A festa - 21 de maio de 1914. Manhã de sol. Vinte automóveis vindos da Capital, trazendo elegantes senhoras e senhores de polainas, chapéu-coco, gravatas pretas, descem rumo ao litoral, para participar da festa.

Entre os convidados, lá estavam Washington Luiz, prefeito da capital de São Paulo e futuro presidente da República; o presidente do Estado de São Paulo, Francisco de Paula Rodrigues Alves, e o vice, Carlos Pereira Guimarães; o prefeito de Santos, Joaquim Montenegro; o prefeito de São Vicente, Antão Alves de Moura; o pintor Benedito Calixto; o jornalista Afonso Schmidt; o sanitarista Saturnino de Brito.

Duas bandas aguardavam: a da União Portuguesa, regida por José do Patrocínio; a Colonial Portuguesa, dirigida pelo flautista Burgos.

Ocorreu então o primeiro congestionamento. O número dos que desejavam transpor a ponte era demasiado para sua capacidade. E houve o primeiro acidente: um motociclista da capital bateu na traseira de um coche e caiu, fraturando o crânio.

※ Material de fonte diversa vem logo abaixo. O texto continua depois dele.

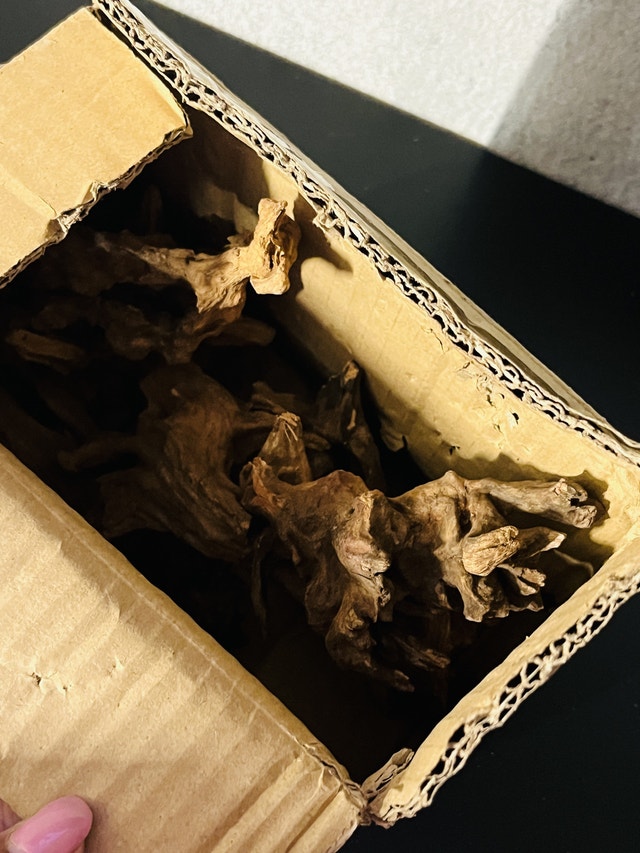 Reptiles Habitat Driftwood Decor Assorted Sizes - photo 5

Vista da Ponte Pênsil em São Vicente em 2000

O presidente Rodrigues Alves corta a fita inaugural. A multidão avança. A ponte não suporta, balança. Sob o peso, os canos de esgotos se interpenetram. Os populares em pânico procuram logo alcançar terra firme e, segundo relatos antigos, alguns se atiraram ao mar, pensando que a ponte fosse ruir. Suspensa pelos cabos de aço, porém, ela resistiu firme.

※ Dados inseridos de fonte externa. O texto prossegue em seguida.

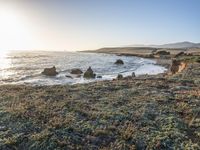 a grassy field by the shore and a cliff with rocks in the ocean in the background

No histórico publicado a 20/2/1972, A Tribuna de Santos observava que a ponte pênsil representara um marco para São Vicente: "Antes da ponte, ponto final de uma aventura de fim-de-semana do paulistano; São Vicente, depois da ponte, centro obrigatório de passagem e distribuição de tráfego para todo o Litoral Sul".

O movimento atingido na década de 1960, segundo o jornal, "deixaria surpreso o capitão Luís Hourneaux de Moura, que tinha o costume de pedalar sua bicicleta, todos os dias, da sede do CR Tumiaru, no Japuí, ao centro da cidade. Atravessava a ponte a toda velocidade, e vinha tomar uma gasosa no Bar Sport, na Praça Barão do Rio Branco. Um dia, vestido na roupa de sportman de sempre - camisa de punhos e colarinho fechados, boné e calças presas à barriga da perna, suando muito, tomou a gasosa, apanhou um resfriado e morreu".


Vista da Ponte Pênsil em São Vicente, em 2001

Em 1934, um jovem atravessou a ponte a cavalo, e galopando. Aquilo provocou discussões e protestos. E a Repartição de Saneamento de Santos dirigiu-se energicamente às autoridades do trânsito, afirmando que a trepidação provocada pelo galope do animal poderia danificar a obra.

Exagero ou não, o certo é que os cuidados, a manutenção e conservação da ponte em bom estado eram preocupação constante.

E com razão. Dois anos após a inauguração, os técnicos notaram que a Ponte Pênsil estava envelhecida. Ela foi pintada e passou a receber nova pintura a cada dois anos. Em 1932, ela chegou a ser picotada e raspada por inteiro, para receber nova dose de tinta.

Na década de 1960 e início da década de 70, os cuidados se intensificaram. Reforços nas bases, novas pinturas. Chegou-se a pensar em interdição da ponte. A idéia foi descartada, pois traria grandes prejuízos a todo o Litoral Sul, tendo em vista que nem todo o tráfego poderia ser desviado pela Rodovia Pedro Taques.

(*) Material para a imprensa preparado em novembro de 1981 pela empresa Dersa Desenvolvimento Rodoviário S.A.

Quando completou 80 anos, em 1994, a famosa ponte, tombada pelo Conselho de Defesa do Patrimônio Histórico, Arquitetônico e Artístico Nacional (Condephaat), ganhou um sistema de iluminação que a destaca à noite do cenário vicentino. Em 1999, sofreu nova reforma, preparando-a para continuar suportando o tráfego de veículos no século XXI.